Impossible! (Like Altar Girls?)
 

On November 3rd, Vatican spokesman Fr. Federico Lombardi commented on reports that Pope Francis would name women Cardinals for the February consistory. Almost immediately, certain Neo-Catholic media pundits, as well as the secular press, began to spin the words of Lombardi to imply that he strongly opposed the idea of women Cardinals. Catholic Online chose the headline, Pope Francis Will Not Appoint Women as Cardinals,” while the Irish Times went with, “Vatican dismisses reports of women cardinals.  Conservatives focused on the fact that Fr. Lombardi called the reports “nonsense” and that it is “…simply not a realistic possibility that Pope Francis will name women cardinals for the February consistory. “

Unfortunately, these reports failed to appreciate the most important of Fr. Lombardi’s words. Among his comments, Fr. Lombardi revealed the following bombshell:

“Theologically and theoretically, it is possible,” he added. “Being a cardinal is one of those roles in the church for which, theoretically, you do not have to be ordained…”[1]

Thus, for the first time, an official spokesman of the Vatican publicly put forward the novel and unprecedented idea that the Church has the authority to appoint women as Cardinals.
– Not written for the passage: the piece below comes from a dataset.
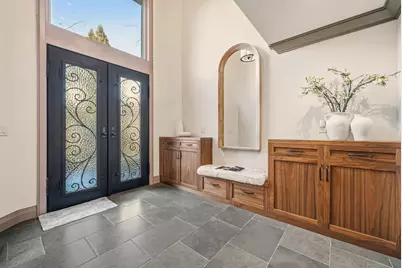 11913 Murietta Ln, Los Altos Hills, CA 94022 - Photo 2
The import of this statement was not lost on the liberals. The progressive National Catholic Reporter was quick to pick up on this incredible statement, using it in their own headline entitled, “Vatican spokesman: Female cardinals 'theoretically possible'.”

Perhaps one reason that this shocking liberal pronouncement was ignored by the Neo-Catholics is because they themselves accept it as true. Not only that, they have been defending the idea of women Cardinals, along with the liberals, for quite some time.  In March of 2012, well before the reign of Pope Francis, Cardinal Timothy Dolan appeared on a show hosted by Fr. Benedict Groeschel on EWTN.[2] During the broadcast, Fr. Groeschel informed Cardinal Dolan that women could be Cardinals. Cardinal Dolan then not only agreed with the notion, but then joked that Mother Theresa of Calcutta would have made a good one.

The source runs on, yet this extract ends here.